Bob Bauer instructs every new manager who joins L.B. Foster Co. to have a bias for action, especially when it comes to problems.
“There’s always things that happen that are unanticipated, and what you want to do is not sit on problems. You want to allow these problems to surface, and don’t be embarrassed by them,” he says. “Act on them, ask for help and get the organization rallied around fixing them — and fixing them as quickly as possible.”
That bias for action also can be applied to seizing opportunities, which is how the president and CEO has helped the $600 million company begin transitioning to become a solutions-based provider from its product-centric past.
Seven years ago, Bauer joined L.B. Foster — which operates individual business units that specialize in rail, construction and energy — returning to the city of his birth, 32 years after he left. It was his first CEO role, but the board wanted to pursue a more aggressive growth strategy, and the directors felt Bauer was the right person for the job.
Responsibility wasn’t new to Bauer, who led a business group at Emerson Network Power (now Vertiv) with more than $3 billion in annual sales. He says when you step into the CEO role, a lot of things need to go right. The pressure is high, especially at a company more than 100 years old.
You live by the philosophy that people depend on the company, Bauer says. And you, as the CEO, are responsible for not messing that up.
“When I wake up every day, I’m thinking about the 1,800 people that work for this company,” he says.
Bauer was charged with creating a strategic plan to take the business into a new era — one where a more diversified organization isn’t as dependent on commoditized products and cyclical markets.

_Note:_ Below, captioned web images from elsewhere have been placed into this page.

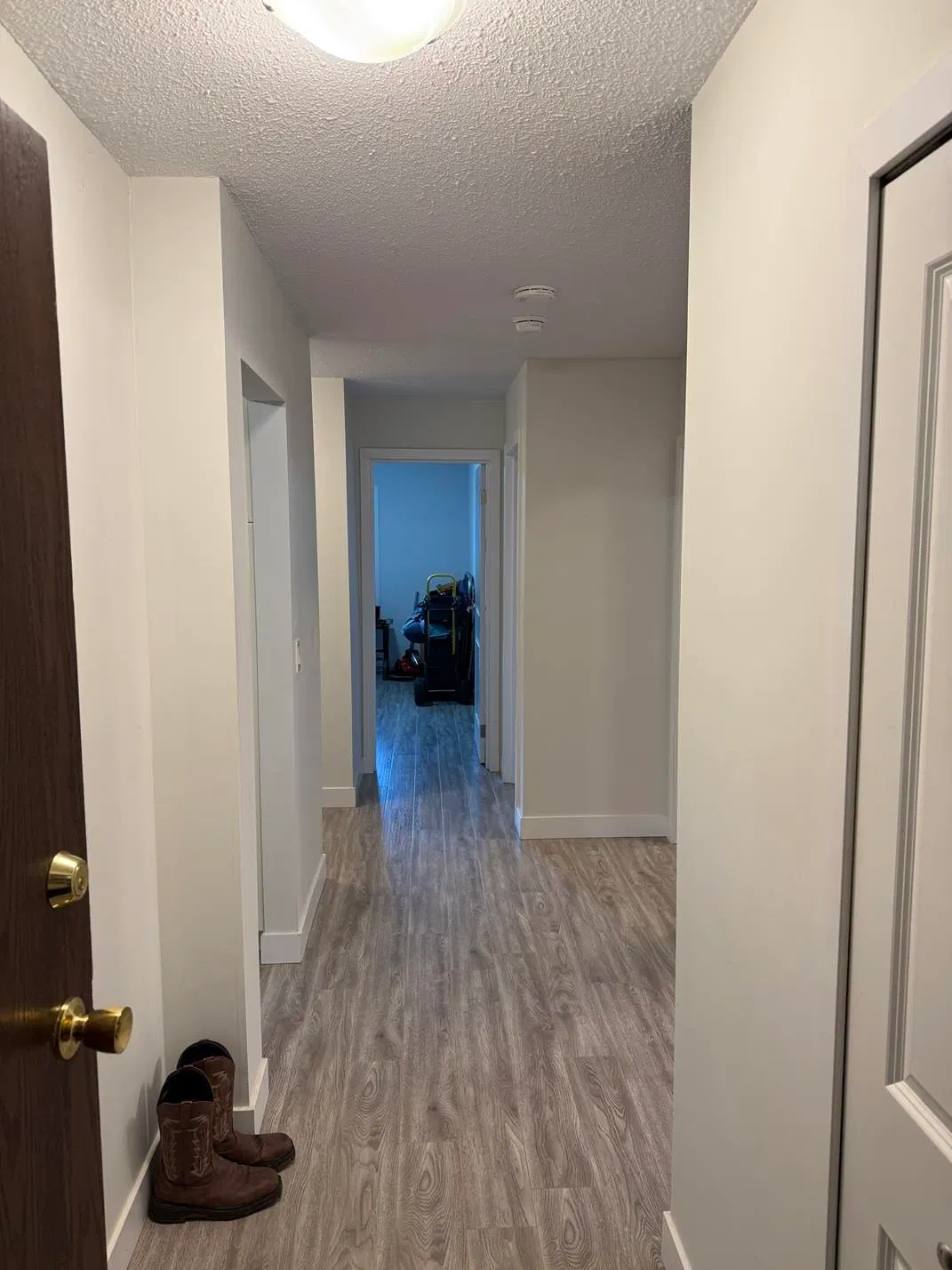Photo 3 of 14 at #103 – 46374 Margaret Avenue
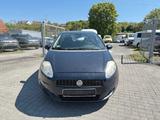 Fiat Punto 1.2i 8V Klima Media Tel Euro 4 - Fiat Punto aus 2007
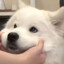 狗子chen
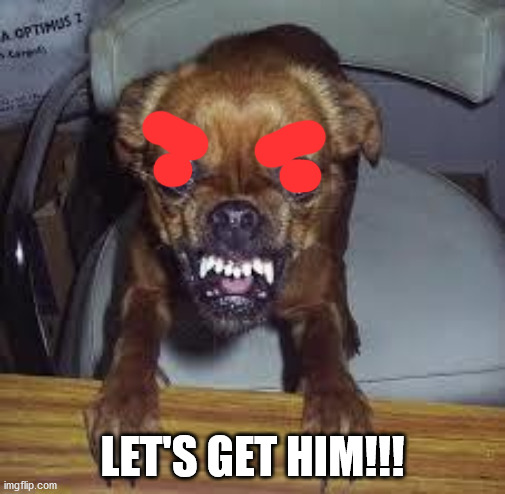 mad dog! | LET'S GET HIM!!! | image tagged in mad dog | made w/ Imgflip meme maker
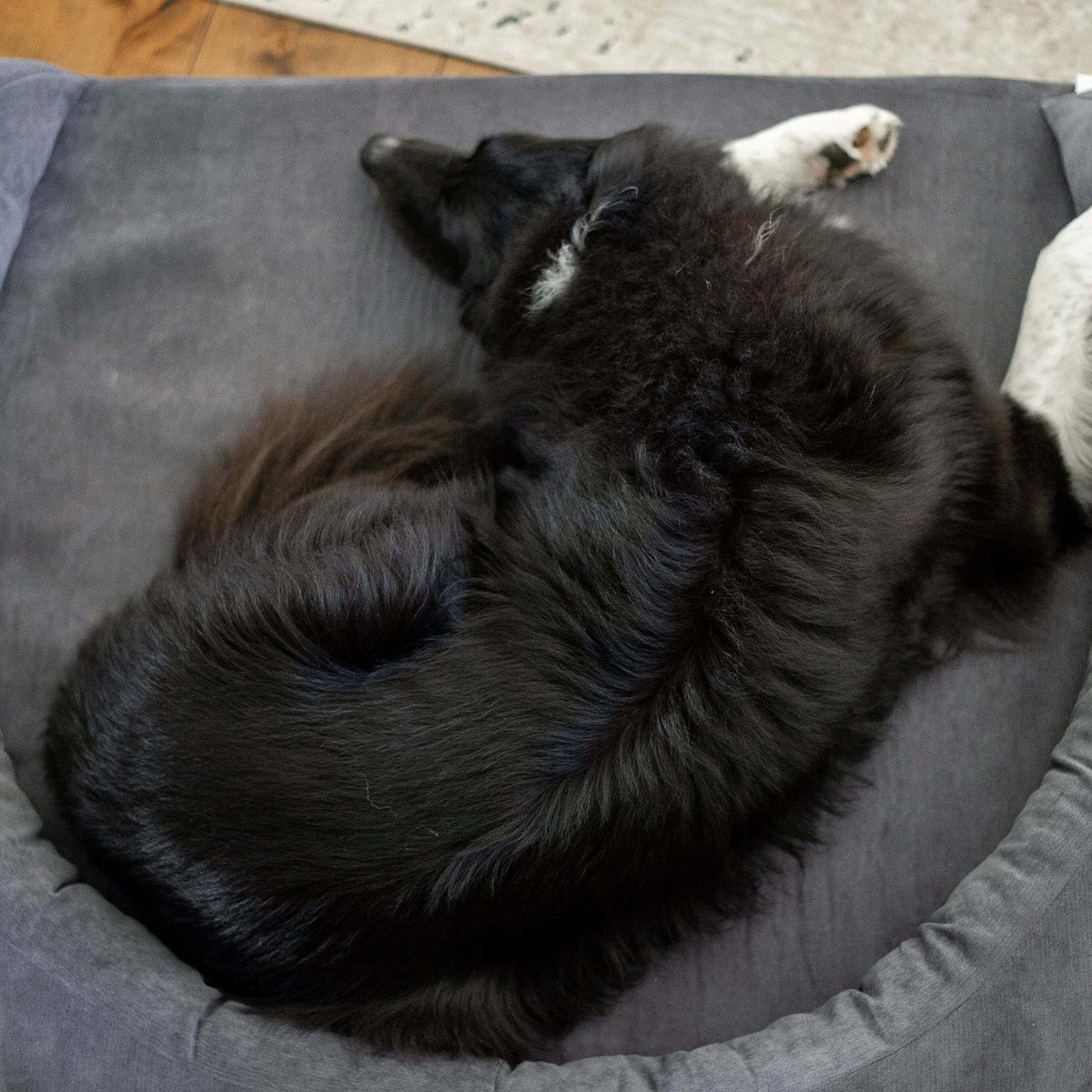 Foam Pet Bed product image 13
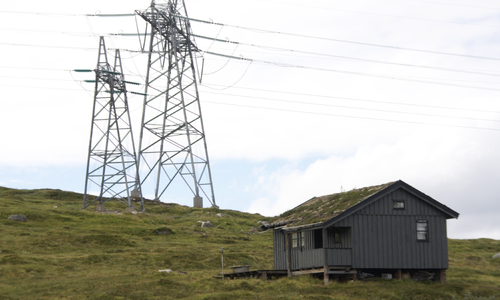 Foto: Leif Magne Flemmen Foto: Leif Magne Flemmen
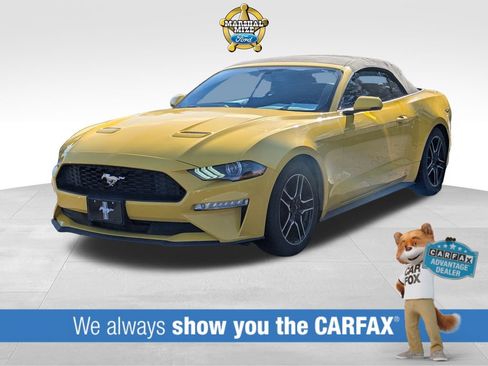 Used 2018 Ford Mustang Premium w/ Equipment Group 201A image 1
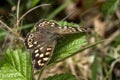Speckled wood Butterfly Pararge aegeria Royalty Free Stock Photo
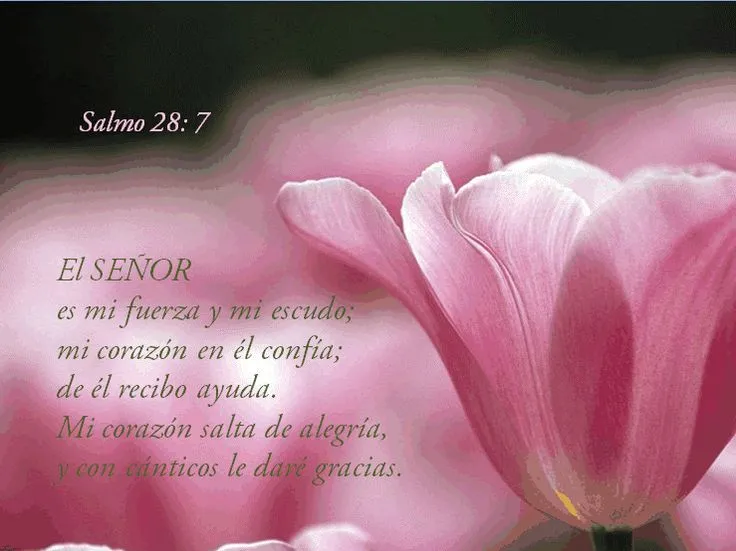 Pin by Victoria Gere on Textos biblicos | Pinterest Pin by Victoria Gere on Textos biblicos | Pinterest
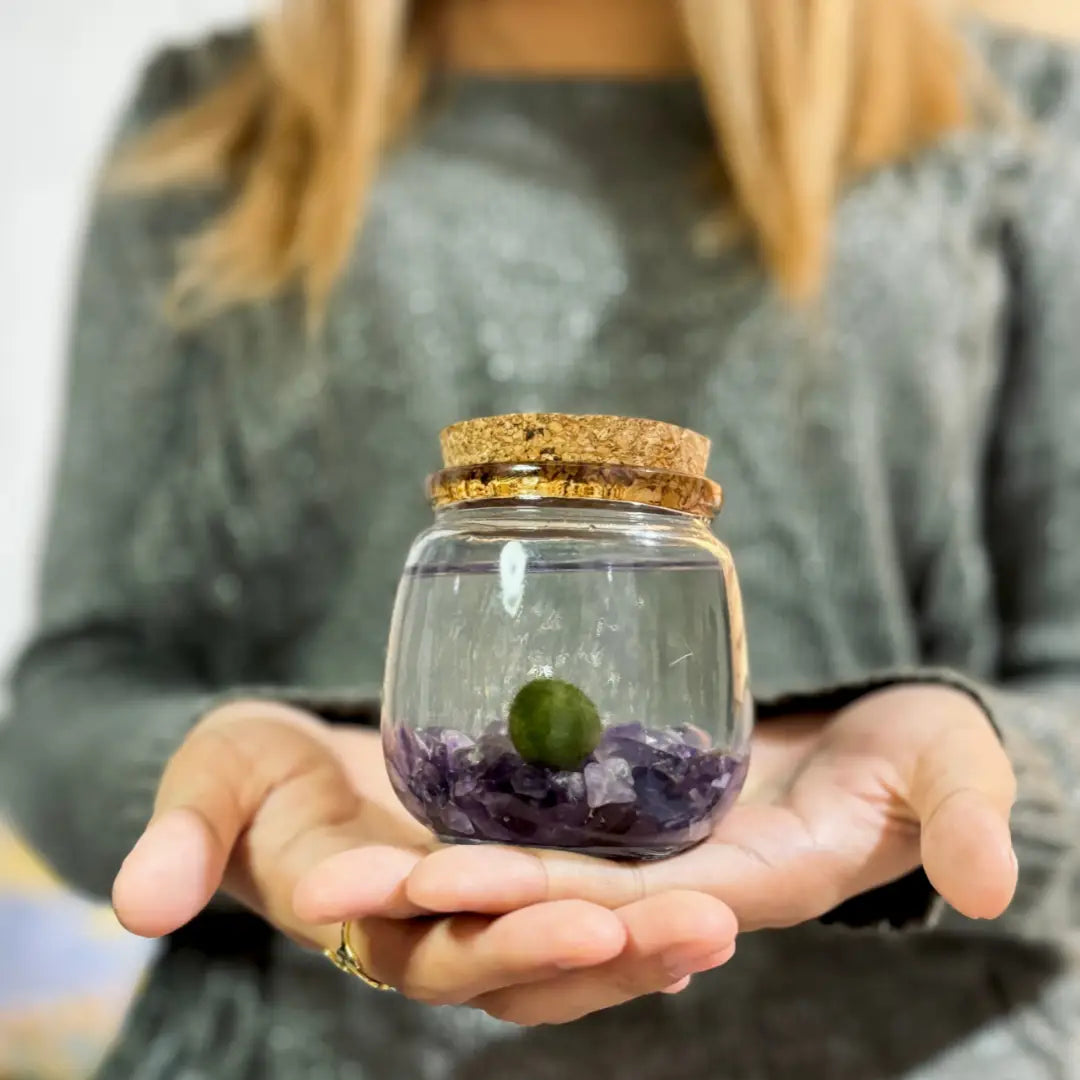 Medium Amethyst Gemstones Moss Ball Terrarium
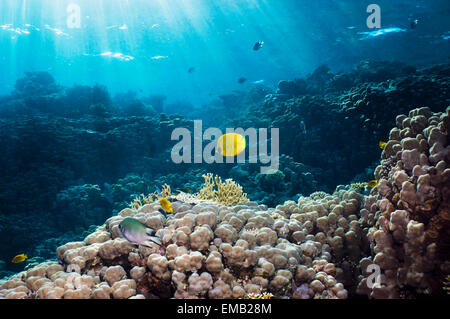 (Chaetodon semilarvatus papillons d'or) sur les récifs coralliens dans les arbres de transmission de lumière solaire. L'Egypte, Mer Rouge. Banque D'Images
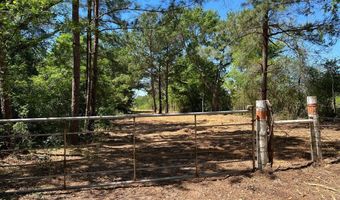 R13945 A0049 J Peterson Tract 11 Acres, Anderson, TX 77830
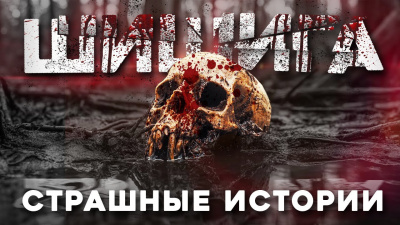 Лихачёва Юлия – Шишига Слушайте книги онлайн бесплатно на knigavushi.com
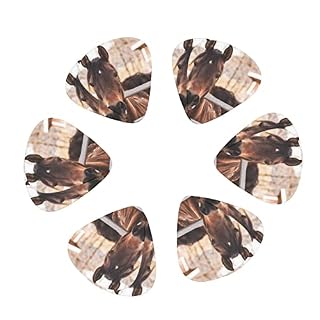 Ensemble de 12 médiators de guitare Brown Horses pour guitare acoustique, guitare électrique, contrebasse, ukulélé - Les Beatles, Paul McCartney, John Lennon, RIngo Starr, George Harrison Ensemble de 12 médiators de guitare Brown Horses pour guitare acoustique, guitare électrique, contrebasse, ukulélé – Image 2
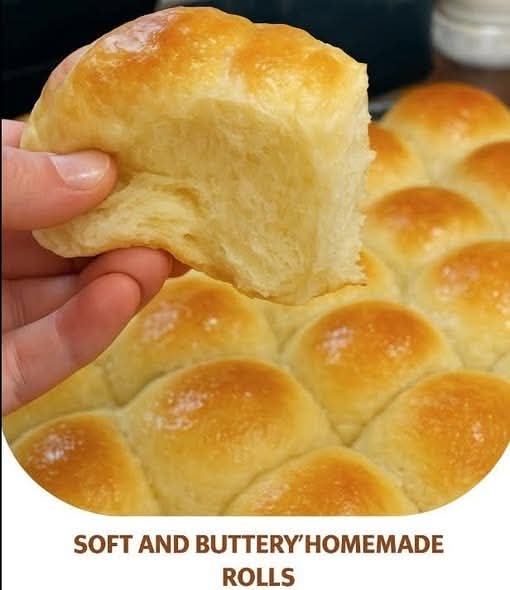 Soft and Buttery Homemade Rolls: Pillowy, Golden, and Irresistibly Tender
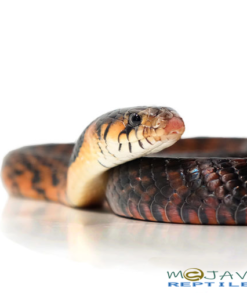 MEXICAN REDTAIL INDIGO AVAILABLE  FOR SALE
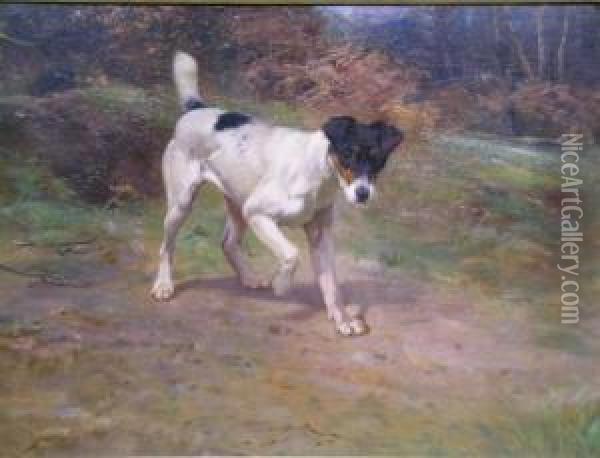 Smooth Fox Terrier At The Edge Of A Wood Oil Painting - Wright Barker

That could be achieved through three components: moving into adjacent markets by acquiring companies, organic growth through new product innovation and improved profitability with continuous improvement programs.
Because the management team was largely intact, Bauer says they were able to help create the plans to accelerate growth and take advantage of opportunities — something L.B. Foster hadn’t always done in the past.
Look within and without
Most of the ideas L.B. Foster has implemented have come from the people within the organization.
Bauer knew it would take him about two years to learn about new markets like tubular, the tubes used in oil and gas production. So from the start, he’s leaned on the employees.
“You create a process with a strategic planning process to really mine the organization for the ideas that maybe we haven’t capitalized on the past, or maybe it’s just surfaced because of changing conditions in the marketplace,” he says.